■ WHAT TO DO ■
Your reply should reproduce each record precisely as written.

■ LISTED ENTRIES ■

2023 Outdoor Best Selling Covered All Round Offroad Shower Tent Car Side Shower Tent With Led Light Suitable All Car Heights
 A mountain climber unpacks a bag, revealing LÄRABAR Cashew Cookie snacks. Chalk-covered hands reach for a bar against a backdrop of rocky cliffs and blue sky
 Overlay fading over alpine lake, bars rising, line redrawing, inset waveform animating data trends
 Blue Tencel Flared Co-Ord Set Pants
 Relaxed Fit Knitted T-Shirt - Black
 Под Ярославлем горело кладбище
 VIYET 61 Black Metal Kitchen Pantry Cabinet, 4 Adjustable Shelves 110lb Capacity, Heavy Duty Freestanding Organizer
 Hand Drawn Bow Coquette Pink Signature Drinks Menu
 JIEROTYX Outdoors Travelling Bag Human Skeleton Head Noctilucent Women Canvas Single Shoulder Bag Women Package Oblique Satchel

■ SOLUTION FOR THIS PROBLEM ■
2023 Outdoor Best Selling Covered All Round Offroad Shower Tent Car Side Shower Tent With Led Light Suitable All Car Heights
 A mountain climber unpacks a bag, revealing LÄRABAR Cashew Cookie snacks. Chalk-covered hands reach for a bar against a backdrop of rocky cliffs and blue sky
 Overlay fading over alpine lake, bars rising, line redrawing, inset waveform animating data trends
 Blue Tencel Flared Co-Ord Set Pants
 Relaxed Fit Knitted T-Shirt - Black
 Под Ярославлем горело кладбище
 VIYET 61 Black Metal Kitchen Pantry Cabinet, 4 Adjustable Shelves 110lb Capacity, Heavy Duty Freestanding Organizer
 Hand Drawn Bow Coquette Pink Signature Drinks Menu
 JIEROTYX Outdoors Travelling Bag Human Skeleton Head Noctilucent Women Canvas Single Shoulder Bag Women Package Oblique Satchel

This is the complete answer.